CASO RICHTHOFEN
Gustavo Barreto (*)
Fico estupefato com a cobertura da imprensa em relação ao caso da garota rica, bonita e cruel ? como colocou uma revista semanal ? que ajudou a matar os próprios pais, com o namorado. A um crime absolutamente raro psicólogos, analistas, sociólogos e quem mais tiver espaço na mídia ficam tentando achar uma relação "profunda" com a nossa sociedade. A garota representaria, em última análise, uma nova e extraordinária tendência da população brasileira.
Não raro, os debatedores não chegam a lugar algum, ou analisam apenas a garota e suas relações de vida, e não a sociedade. A Globo ousou insinuar ? por meio de silogismos patéticos ? que a maconha faz as pessoas matarem os pais. Não falou, mas deixou no ar, subliminarmente.
Hipocrisia e ausência de valores éticos. É assim que coloco, sem medo de receber críticas, as causas de tamanha estupidez protagonizada por diversos meios de comunicação e pelo debate público. Centenas de pessoas morrem diariamente devido à violência urbana. A maioria, indica o IBGE, é de jovens. A diferença básica é que a maioria dos jovens não é loira. Não é rica. Não é cheirosa. Em suma: não é boa o suficiente para aparecer na mídia. Nem na morte pobre merece atenção.
Admitindo que a imprensa procure por casos absurdamente raros e bizarros ? o que obviamente repudio ?, não faltarão outros tão ou mais horríveis para se comentar. Nas periferias ocorrem diariamente.
Ele é pobre: tem que morrer.
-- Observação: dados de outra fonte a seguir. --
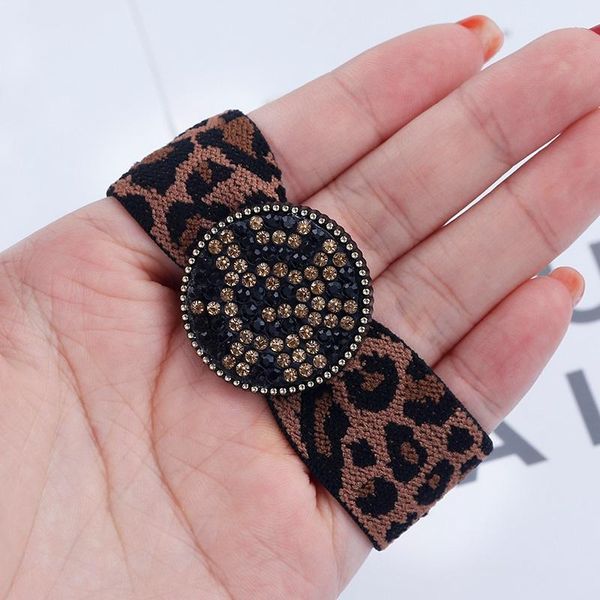 1pcs fashion girls hair accessories head rope korean version of dual-use hair ring pearl leopard hair rope smiley headwear 9.5cm sqcpwo, Slivery;white
1pcs fashion girls hair accessories head rope korean version of dual-use hair ring pearl leopard hair rope smiley headwear 9.5cm sqcpwo, Slivery;white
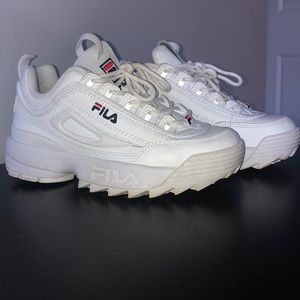 White Fila’s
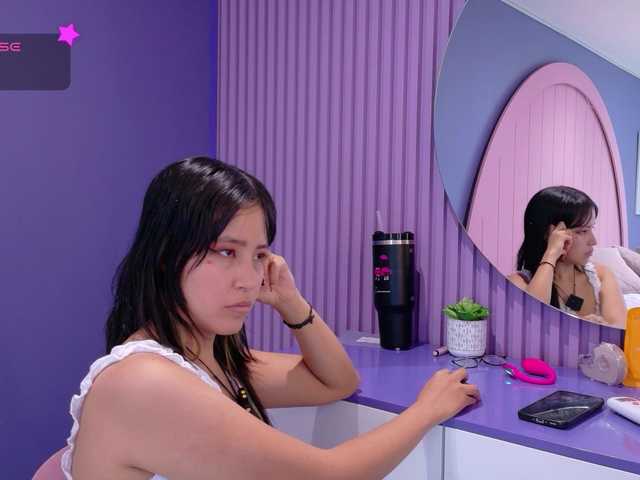 AmyJoness1 live cam on BongaCams
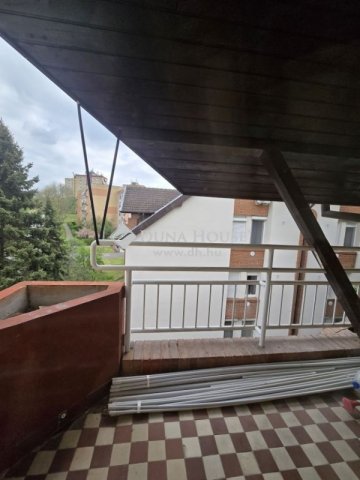 Kiadó téglalakás, albérlet, Pécsett 130 E Ft / hó, 2 szobás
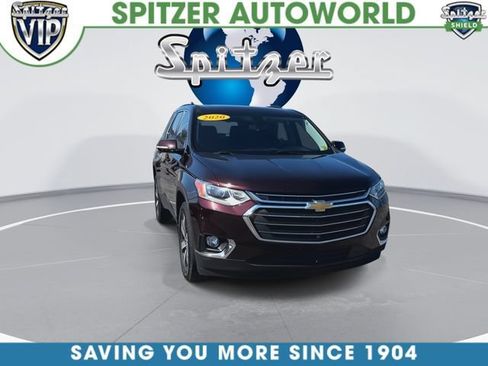 Used 2020 Chevrolet Traverse LT w/ LT Premium Package FWD image 3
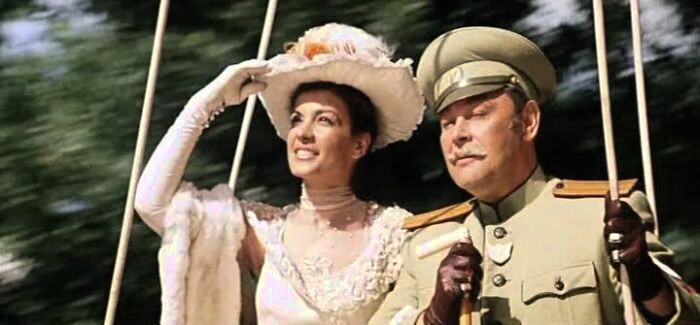 Лаура - мать Тиграна Кеосаяна в х/ф "Новые приключения неуловимых"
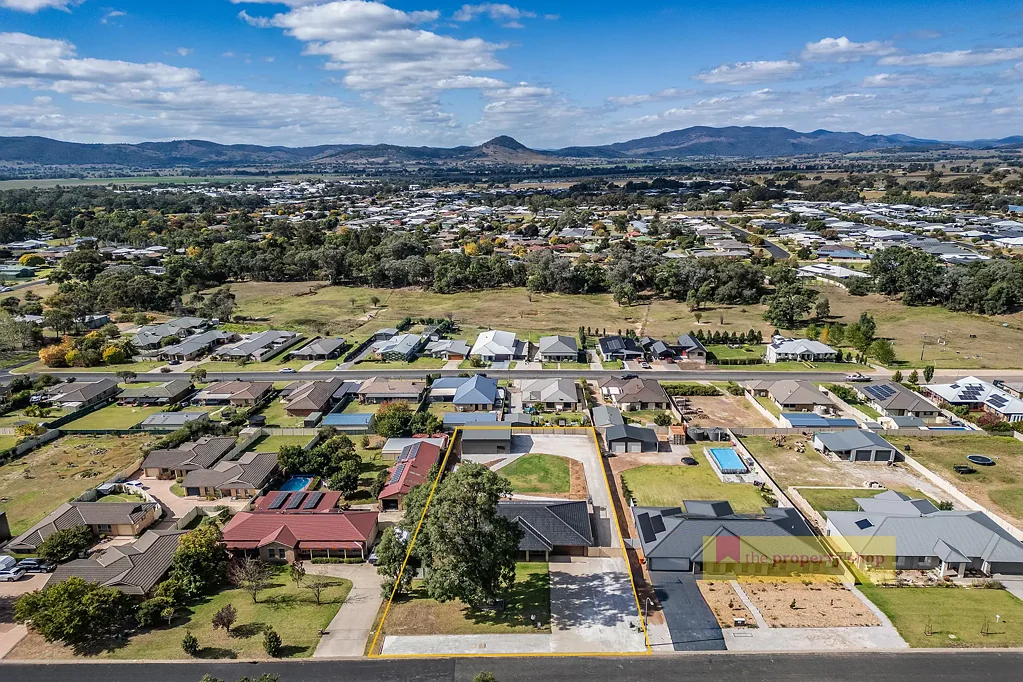Mudgee 4房  SPACIOUS FAMILY HOME WITH ENTERTAINER'S BACKYARD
Aconteceu com Sandro, seqüestrador do 174, no Rio de Janeiro. Ela é rica: a culpa é da sociedade, esta entidade perversa que, por meio da escola, da família e da mídia, destrói o caráter e produz criminosos como a Nike produz tênis. Quando ela, rica, mata a culpa é do mal da sociedade. Quando ele, pobre, mata ele mesmo é o mal personificado.
Deveríamos relacionar, portanto, não o crime e a sociedade, mas sim como nós lidamos com o crime e a sociedade. Deixar de lado a hipocrisia. Ou melhor, não nos deixarmos levar pela hipocrisia dominante. Deveríamos olhar mais para a periferia, porque a praia não é o único lugar da cidade.
Ah, é mesmo, a Nike não produz tênis. Apenas vende sua marca.